I was unable to find what was the longest time Trump made it without interrupting or speaking in last night's debate but I don't think he remained silent for even one of Biden's two minute windows. For Lincoln, 30 minutes was the shortest time slot and 90 was the longest. In last night's debate, 2 minutes was the longest window and Trump could not even remain silent that long.

Singer and Brooking in LikeWar share a study that in 2000, the average attention span of an internet user was measured at twelve seconds. By 2015, it had shrunk to eight seconds - slightly less than the average attention span of a goldfish. We barely have time for tweets and memes. (What does a goldfish think? "Oh look! A castle." Pause. "Oh look! A castle!")

Lincoln had time enough to speak a new world into existence. Trump only wants time enough to destroy one. And the less time you have to think about what he's doing, the less likely you are to see how destructive he is, much less have time enough to imagine the next one.

01 August 2020

The Republican Party's Mission is Done

About a year ago, I was at the Nixon Library. I had been to the Reagan Library months before and compared to that, the Nixon Library had very few visitors. Something to do with Watergate and resignation.

The docent said that about a quarter of the visitors to the Nixon Library are from China. The Chinese remember Nixon as the president whose visit helped to open up China to the rest of the world; Nixon visited China in the early 1970s and by the end of the 1970s, Deng Xiaoping had become China’s leader. Deng would begin the economic changes that began China’s amazing economic growth and opened it up to the rest of the world.

From the time of Lincoln – their first president – to about WWII, Republicans were focused on a domestic policy of making ours an industrial rather than agricultural economy. After WWII, Republicans were focused on a foreign policy of spreading capitalism to the rest of the world.

Eisenhower’s Marshall Plan helped to rebuild Europe and Japan after WII. Nixon visited China. Reagan stood in Berlin and told Gorbachev “Bring down this wall.” Bush and Cheney invaded Iraq, promising to make it a beacon of democracy and capitalism.

But a curious thing happened.

As Republicans were busily exporting policies for an industrial economy to the rest of the world, that industrial economy was – like the agricultural economy before it – being eclipsed by a new economy.

Trump’s policy seems weird but has an odd kind of logic seen from this perspective. It is quite possible that in his mind, seeing that the industrial economy has been successfully exported around the world (particularly in China), it is now his job to revive the domestic policy of creating an industrial economy here.

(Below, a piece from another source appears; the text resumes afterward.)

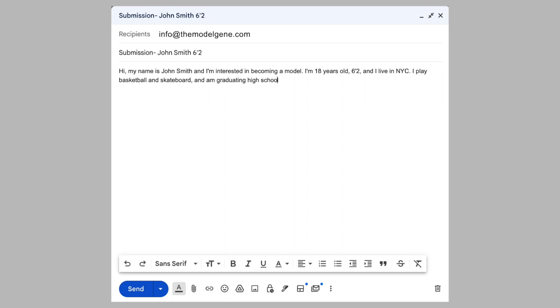For example: 'I play basketball and skateboard and I'm graduating high school in June.' Lastly, include the remaining information they need, like your Instagram, digitals, and measurements. As someone who has been on the receiving end of many of these emails, I assure you it is better to keep things short and sweet — if the agency is interested, they will follow up with you. It doesn't matter how passionate you are about modeling or the fashion industry; the decision is ultimately going to come down to the digitals and the measurements.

This shift in focus to foreign countries has caused us to lose the industrial economy that made us great, made us a world power. It is his mission to recreate it.


But of course, the Republicans are where the Democratic Party was at the time of Lincoln: promoting policies for an economy already eclipsed. At the time of Lincoln, the agricultural economy had been eclipsed by the industrial economy At the time of Trump, the industrial economy has been eclipsed by the information economy.

Republican identity is so bound with capitalism (which I would say is a crude synonym for industrial economy), that it is not clear that they can shift to a new identity now that their mission is done. In any case, reviving the past has never seemed a particularly effective way to create the future.